Knowing that, and knowing something about the craft of programming in general, “use ‘less than less than’ instead of ‘+=’ under these circumstances” becomes a deduction based on expertise rather than a rote-memorized rule.

The mere mortals who make up the bulk of the population who become programmers are just not built this way.

Alas, the bulk of the programmer population aren’t worth their paychecks. The way they’re built is at great expense by shoddy “carpenters” at Blub U, where the only language allowed is Java. They don’t even know what a functional programming paradigm really implies in terms of programming practice — so of course they shouldn’t be expected to know the difference between << and +=. That would require a passion for learning, an education in something other than “industry best practices”, and some critical thinking skills.

using an object instead of an operator makes it much less likely to be used!

To clarify, in the .NET example you provided, you seem to be saying that having to build a class and instantiate an object where something more like a simple operator should suffice greatly reduces the likelihood that people will use the “better” means of achieving equivalent results. I agree — great, heaping masses of scaffold code used to prop up the simplest operations is just a bad idea in general. I know you’re not speaking of objects per se, however, because everything you see in Ruby that looks like an operator is in fact a message sent to one of its apparent “operands” — an object.
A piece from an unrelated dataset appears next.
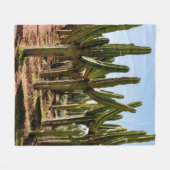 サボティの庭。緑の丈の高いサボテンと多汁の植物が育つ フリースブランケット (正面(横))
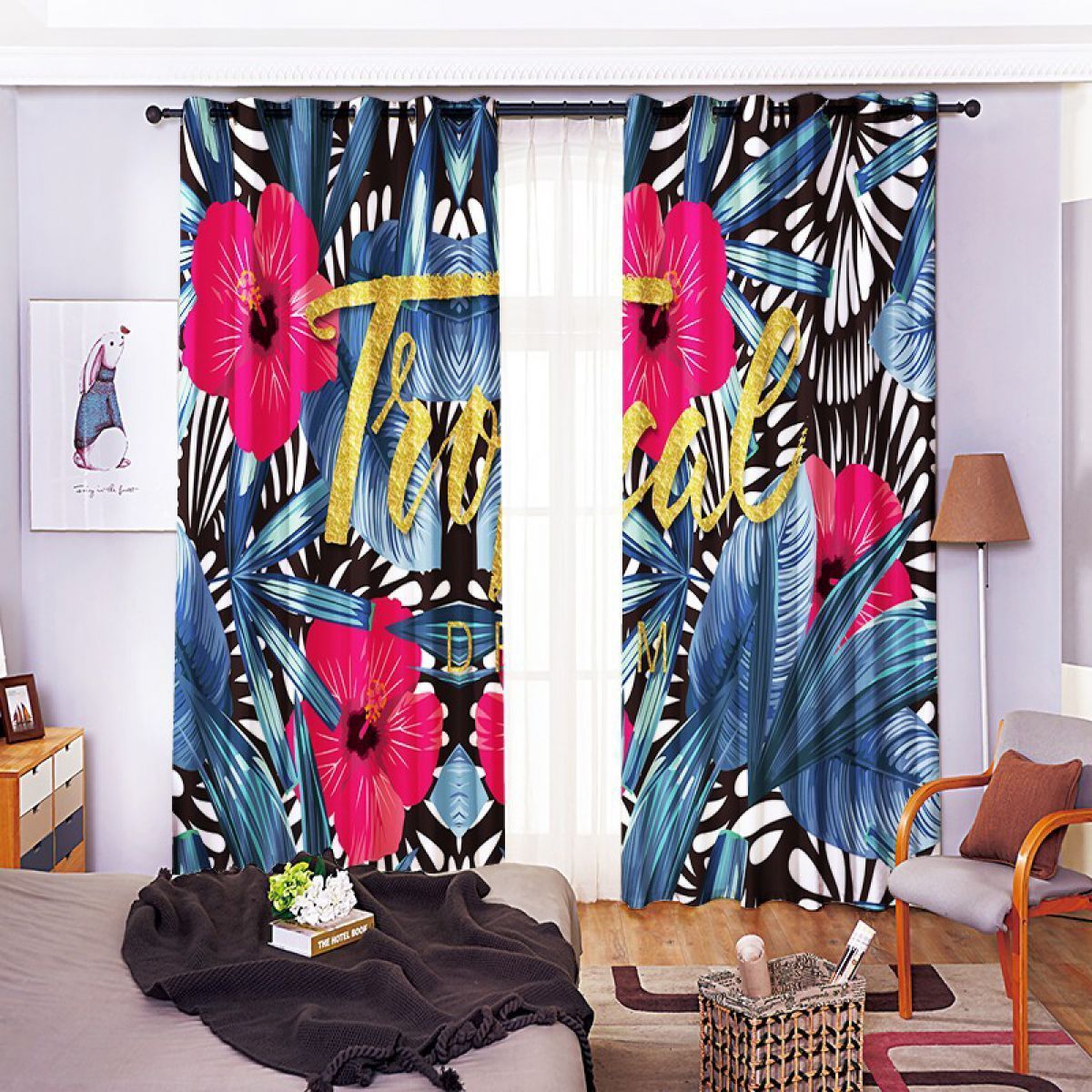 3d tropical pink blossom printed window curtain home decor 2211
This is the same reason why people use regex’s in Perl constantly and never in OO language (and halfway between “constantly” and “never” in PHP, where it seems to be a function call), even though the regex pattern syntax itselx is identical… doing it via object is a hassle and doing it through an operator is a cinch.

There are exceptions to this. Some of the more dogmatically designed OO languages definitely seem to revel in the act of throwing hurdles in the way of simple, straightforward use of regexen, of course. On the other hand, object oriented regex syntax in Ruby is every bit as easy to use as Perl’s regex syntax, in my opinion. The fact that Java seems hell-bent on dissuading you from ever leveraging the power of regexen — and even Python forces library calls before regexen are made available — does support your point in general, though.

In any event, I feel that this is the exact type of thing that optimizing compilers are for.

Optimizing operation algorithms is certainly a job for compilers, VMs, and even interpreters, as much as possible. Still, there are cases where a distinct need for doing something one way or the other in a manner where a compiler is unlikely to be able to automagically guess your intent. In such cases, it can be handy to have options such as those presented by Ruby’s += and <<.

5 Comments

  1. And what is pretty cool here, is that you and I are in total agreement! :)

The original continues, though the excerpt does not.